パッと見ただけでも、明らかに廃墟であることが分かるような荒廃ぶりであり、数年前までは人が住んでいたことを考えると、胸が切なくなった。
「平原に出るまでは隊列を維持せよ!その後、陣形を組織し展開する!」
前方から聞こえてくる指示に、私は何度も訓練で反復した内容を思い出し、不思議と冷静になっていった。
落ち着いてやればできる。不測の事態が起こっても、焦らず冷静に対処すれば大丈夫だ。周りには班長や先輩たちがいるし、ナナバさんがいる。
廃墟と化した街中を走り抜けていく中、時折屋根の上に、援護班の兵士たちの姿を見かけた。

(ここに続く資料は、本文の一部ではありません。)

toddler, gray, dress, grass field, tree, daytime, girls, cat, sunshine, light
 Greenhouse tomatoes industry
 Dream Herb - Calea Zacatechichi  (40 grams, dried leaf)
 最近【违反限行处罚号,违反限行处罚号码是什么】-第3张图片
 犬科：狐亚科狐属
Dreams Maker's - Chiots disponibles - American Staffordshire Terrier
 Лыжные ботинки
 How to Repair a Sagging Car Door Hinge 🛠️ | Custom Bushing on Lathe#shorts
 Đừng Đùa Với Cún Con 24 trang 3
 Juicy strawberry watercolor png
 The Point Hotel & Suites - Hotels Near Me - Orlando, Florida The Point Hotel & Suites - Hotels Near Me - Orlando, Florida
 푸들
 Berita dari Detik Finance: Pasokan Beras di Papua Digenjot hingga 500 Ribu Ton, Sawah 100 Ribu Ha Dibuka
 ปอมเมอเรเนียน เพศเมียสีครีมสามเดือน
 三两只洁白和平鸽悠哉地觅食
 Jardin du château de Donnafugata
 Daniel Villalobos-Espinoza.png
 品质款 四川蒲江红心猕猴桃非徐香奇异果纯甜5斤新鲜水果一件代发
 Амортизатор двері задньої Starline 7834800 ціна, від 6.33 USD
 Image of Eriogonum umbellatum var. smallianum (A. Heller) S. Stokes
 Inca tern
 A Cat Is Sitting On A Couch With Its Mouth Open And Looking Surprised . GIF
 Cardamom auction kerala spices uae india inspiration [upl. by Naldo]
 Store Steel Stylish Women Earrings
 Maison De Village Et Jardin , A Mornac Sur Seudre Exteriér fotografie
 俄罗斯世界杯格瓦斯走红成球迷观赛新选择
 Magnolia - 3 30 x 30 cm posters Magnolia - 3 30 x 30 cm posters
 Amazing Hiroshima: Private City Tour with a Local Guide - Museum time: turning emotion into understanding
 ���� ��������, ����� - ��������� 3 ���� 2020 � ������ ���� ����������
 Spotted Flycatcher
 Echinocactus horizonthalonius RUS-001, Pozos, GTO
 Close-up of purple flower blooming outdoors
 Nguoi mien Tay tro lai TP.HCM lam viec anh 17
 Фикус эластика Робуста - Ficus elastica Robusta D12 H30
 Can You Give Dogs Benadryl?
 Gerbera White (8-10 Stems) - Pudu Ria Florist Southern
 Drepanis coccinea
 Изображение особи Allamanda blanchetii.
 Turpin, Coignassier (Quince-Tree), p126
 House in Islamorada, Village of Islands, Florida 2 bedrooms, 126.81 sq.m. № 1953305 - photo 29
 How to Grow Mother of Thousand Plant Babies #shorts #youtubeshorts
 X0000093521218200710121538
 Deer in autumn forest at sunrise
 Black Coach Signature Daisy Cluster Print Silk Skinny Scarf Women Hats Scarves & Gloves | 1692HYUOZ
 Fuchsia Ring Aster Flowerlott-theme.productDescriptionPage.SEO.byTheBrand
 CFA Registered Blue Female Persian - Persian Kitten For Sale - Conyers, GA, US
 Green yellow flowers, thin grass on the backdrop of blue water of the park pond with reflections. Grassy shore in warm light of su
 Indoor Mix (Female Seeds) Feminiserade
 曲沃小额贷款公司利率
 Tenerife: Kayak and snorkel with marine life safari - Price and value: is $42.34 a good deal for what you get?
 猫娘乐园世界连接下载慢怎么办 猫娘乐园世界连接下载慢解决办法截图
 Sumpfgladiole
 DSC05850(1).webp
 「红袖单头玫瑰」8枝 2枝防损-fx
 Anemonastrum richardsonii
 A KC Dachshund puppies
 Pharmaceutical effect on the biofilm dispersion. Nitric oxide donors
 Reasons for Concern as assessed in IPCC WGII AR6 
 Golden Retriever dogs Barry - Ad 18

彼らは今回の壁外遠征には参加せず、門の開閉時に巨人が中に入ってしまったり、出撃する兵士たちと鉢合わせたりしないように排除する役割を担ってくれている。
彼らが門の周辺にいた巨人を排除してくれたおかげで、私たちは門を開き、外に出ることができているのだ。
街中は建物で入り組んでいるため、時折巨人の取りこぼしがあるそうだ。
あんなに大きなものを見落とすなんて不思議な気もするが、建物の間で寝転がられていたりすると全く気づくことができないらしい。
だが今回は、そんな取りこぼしも無かったようで、私たちはトラブルもなく旧市街地を駆け抜け、平原へと出ることができたのだった。
〇
トロスト区からシガンシナ区までの距離は約100kmであり、その道中にはいくつもの町や村が点在している。
ウォール・マリアが破られて以降の調査兵団の活動は、この点在する町などに補給物資を設置することであった。
来るべきウォール・マリア奪還作戦を有利に進めるための布石である。
先日ライデンが内地に行っていたのは、この補給物資の調達任務のためだったのだ。
超大型巨人の襲撃以降、約2年続けられてきたこの任務は、ゆっくりとだが着実に進んでいた。
だが、トロスト区からの距離が離れて行くほど、任務の難易度は上がる。だから、まだ全体の行程の半分も終わっていない状況なのであった。